Let $X_t$ be the number of heads after $t$ tosses, and $P_t:= \frac{X_t}{t}$. We can define a stopping time $\tau:=\{\min t: X_t>0.5\}$, so that we stop when we first cross the 0.5 threshold. What we want to know is the expected value of the stopped process $E[X_{\tau}]$.

Unfortunately, I do not know of a nice formula for this value. However, I was able to simulate it.

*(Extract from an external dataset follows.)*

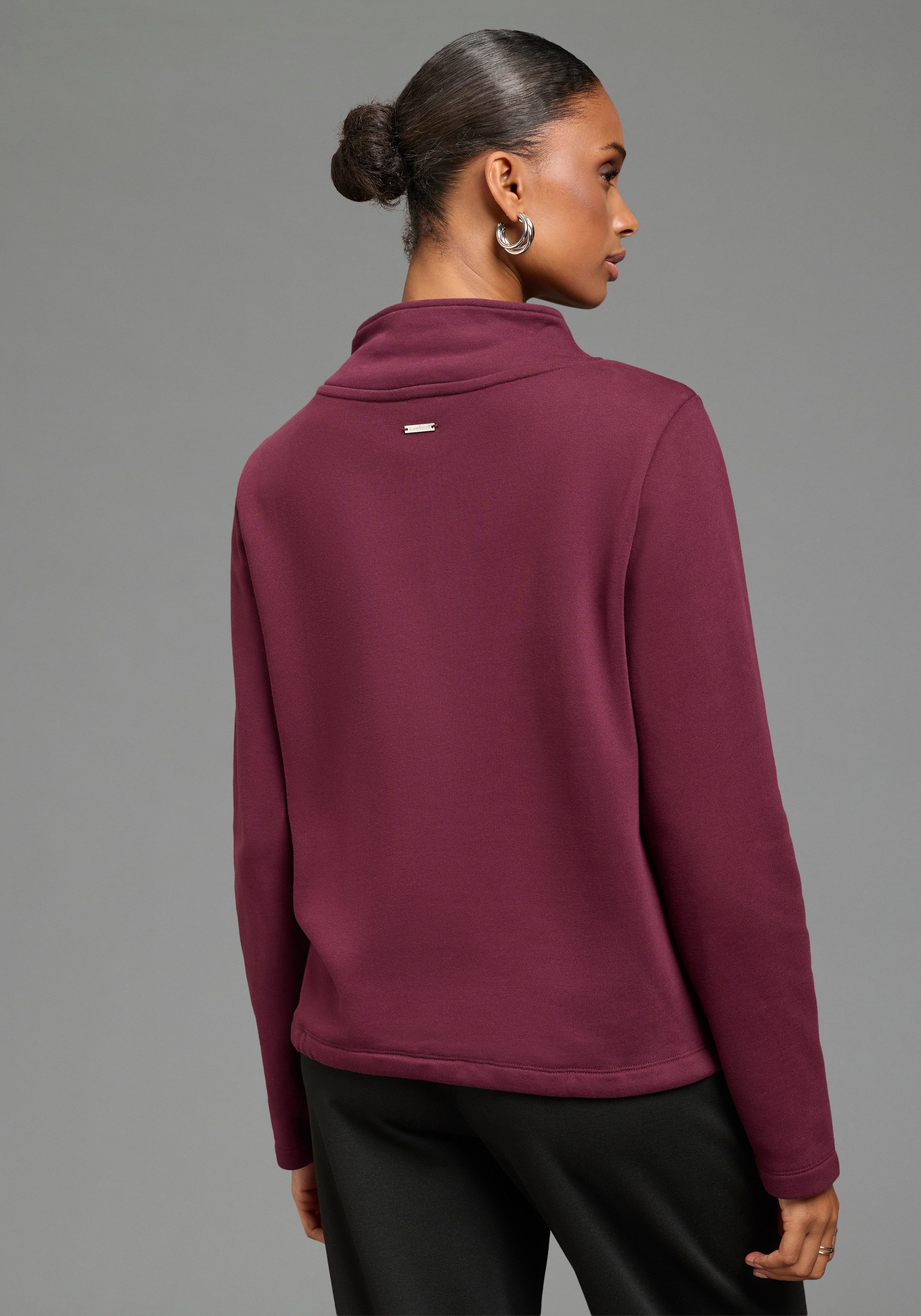 Bruno Banani Sweatshirt mit hohem Stehkragen, aus Baumwolle und Polyester. € 49,99, (€ 49,99 pro 1 Stk).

I tried several stopping rules calculated the expected value of the stopped process. Here's what I got:

  1. $\tau:=\{\min t: X_t>0.5\}\rightarrow E(X_{\tau})\approx 0.8$
  2. $\tau:=\{\min t: X_t>0.6\}\rightarrow E(X_{\tau})\approx 0.9$
  3. $\tau:=\{\min t: X_t>0.7\}\rightarrow E(X_{\tau})\approx 0.94$
  4. $\tau:=\{\min t: X_t>0.8\}\rightarrow E(X_{\tau})\approx 0.98$

In each case, there is about a 50% chance that you will need fewer than 1000 flips to hit your stopping time. However, the expected number of flips increases rapidly as your cutoff approaches 1, so the ideal is somewhere between $x\in[0.6,0.8]$.